The fastest bowler he says he faced was Jeff Thomson, which is not surprising. The fastest ball he ever faced is, but also isn't: a bouncer from Wasim Akram in an ODI in Hobart in late 1988. It could be recency bias of one kind - on the morning of this interview, Richards had inducted Akram into the PCB's hall of fame. But everyone knows that though Akram operated as a sculptor, he could be a wrecking ball when the mood gripped him.
"One of the quickest deliveries I have ever, ever encountered, and I believe there was someone upstairs looking after me," he recalls. "I had some hair left then, somewhat of a mini-Afro and this one went by so quickly, I could hear it hitting the wicketkeeper's gloves and I said, 'Wow, wow.' Wasim was a young man, coming on to the scene, and I was heading towards the exit door so I was glad that while he was coming then, I was going.

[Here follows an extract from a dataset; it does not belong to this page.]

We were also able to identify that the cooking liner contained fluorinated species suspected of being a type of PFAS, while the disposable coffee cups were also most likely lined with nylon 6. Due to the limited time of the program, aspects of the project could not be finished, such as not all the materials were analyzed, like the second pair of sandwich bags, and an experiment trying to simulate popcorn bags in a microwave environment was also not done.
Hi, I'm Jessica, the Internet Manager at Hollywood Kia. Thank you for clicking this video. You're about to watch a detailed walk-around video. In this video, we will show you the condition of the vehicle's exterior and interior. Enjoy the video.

"I can remember also that I did say to the individuals, the batsmen in the West Indies team at the time, I said, 'Hey man, good luck to you guys, having to encounter that guy on a regular basis man.' Wasim, he was very, very special. Up to this day, I still see that particular delivery. I have nightmares about it every now and again."
It is from a great contemporary of Richards' that we have heard on racism over the last couple of years, since the murder of George Floyd and the rise of the Black Lives Matter movement. Michael Holding has become a prominent and powerful voice on racism. For those who followed the great West Indies sides of that era, it might seem an unexpected development; even Holding himself admitted in 2020 that Richards was more politically active than he was during their playing days.

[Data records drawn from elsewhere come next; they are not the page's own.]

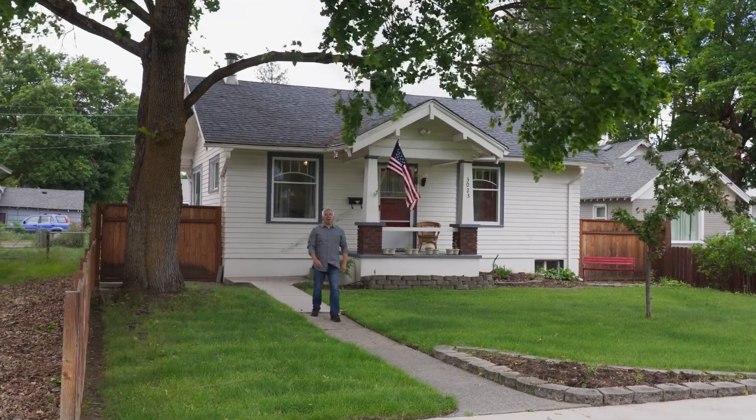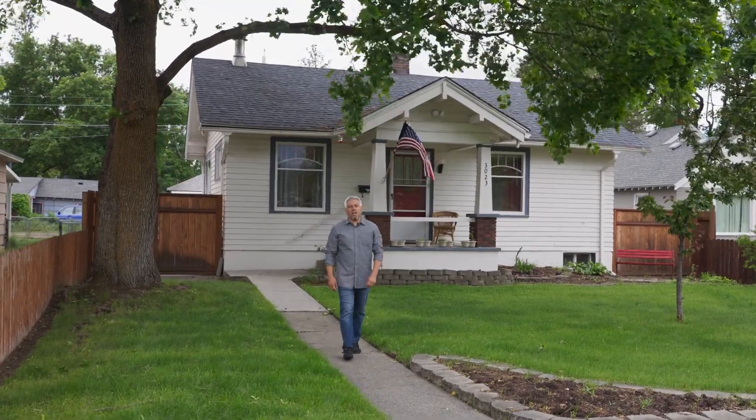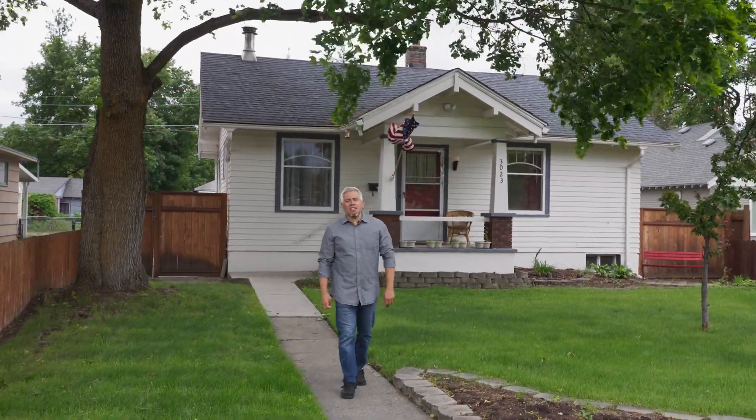Welcome to our newest listing in the Audubon neighborhood. This cute little bungalow is a three-bedroom, two-bath with a detached two-car garage just two blocks away from Audubon Park, nearby coffee shops and restaurants. Let's go inside, take a look, and let me know what you think.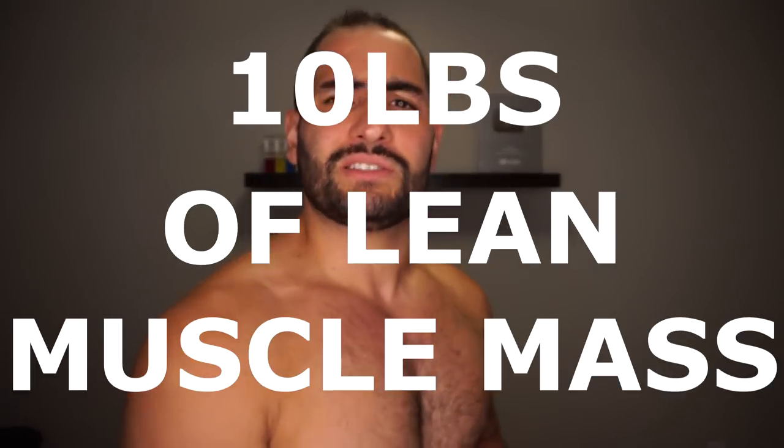So you want to add 10 pounds of lean muscle mass so that when you go to the beach this year, you take your shirt off, your friends and family go, 'Man, you look jacked. How did you do that?' If you want that type of result, we're going to be talking about that all in this video right now. Let's get straight into it.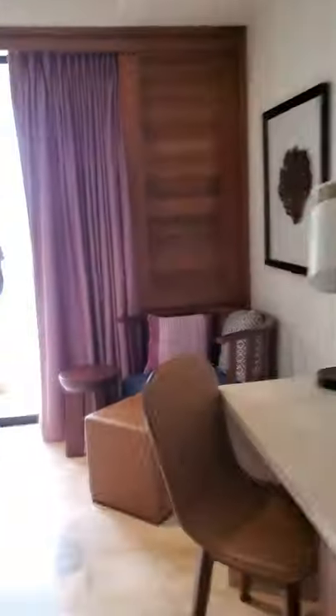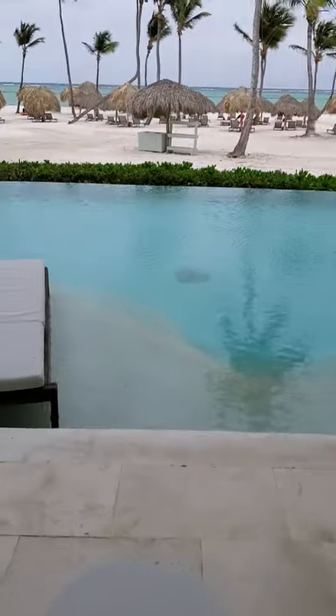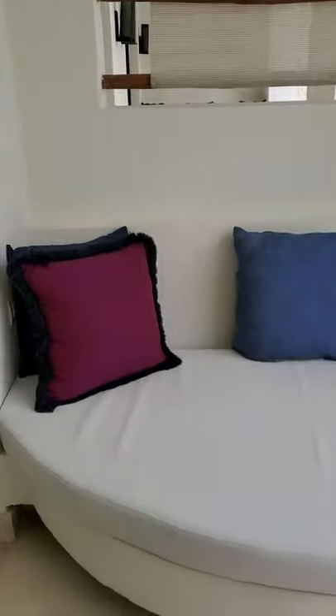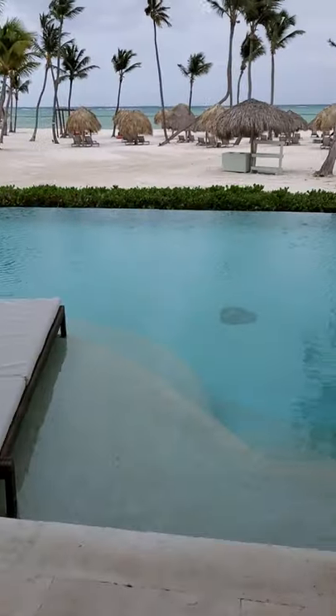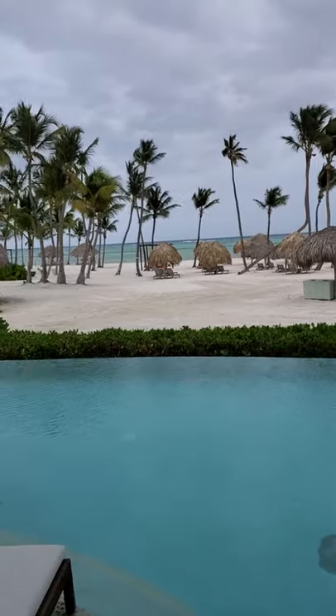TV, seating — and here is our phenomenal swim-out room! Can you believe that? There's the ocean, look at that. Oh, gorgeous.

There would appear to be no specific reason why we have not heard Richards as much. It could be visibility - the pandemic has meant that the first time he travelled outside the Caribbean in recent years was for the T20 World Cup last year. It's definitely not because he has suddenly not been subject to racist behaviour anymore. In fact, he was, as recently as when returning from the T20 World Cup, on a flight in the Caribbean. It should be getting better, he says, but it isn't.
And he is exactly as you imagine he might be on the issue.
"Well, what I know for sure is, the way it should be is that all lives should matter. You know, that's the way I look at it. All lives should matter. But in some cases, take, for instance, America, the racism we have seen on a regular basis, innocent folks being gunned down by the police, it doesn't seem like that is the case.
"So this is why I will always be an advocate in a big way. Why is it that it just keeps happening to this particular colour?" He points to his forearm. "Because I myself have gone through that sort of stuff, the racism, at some point. I'm a pretty conscious guy. I've always believed in my colour, my race. And anyone, in my opinion, who wants to shoot you down, to stamp on you because of your colour, he doesn't have a divine right to do that.
"This is why I would always believe in the Malcolm X factor: by any means necessary, if you need to survive some of the thinking of individuals around the world, like the National Front, the Klan. I'm for anyone of this colour, whoever is being persecuted, whoever is facing race issues, anyone on this earth who is going to say to me as a human being that I haven't got any right to survive because of my colour - wow, I will do what it takes, what is necessary, in order to survive."
The only sour note, really, is that we've lost Richards to golf. That's how he now spends his days, hanging on courses with Richie Richardson and Eldine Baptiste. Playing a fair bit too, as a handicap of seven indicates. Not bad, he says, for a 70-year-old.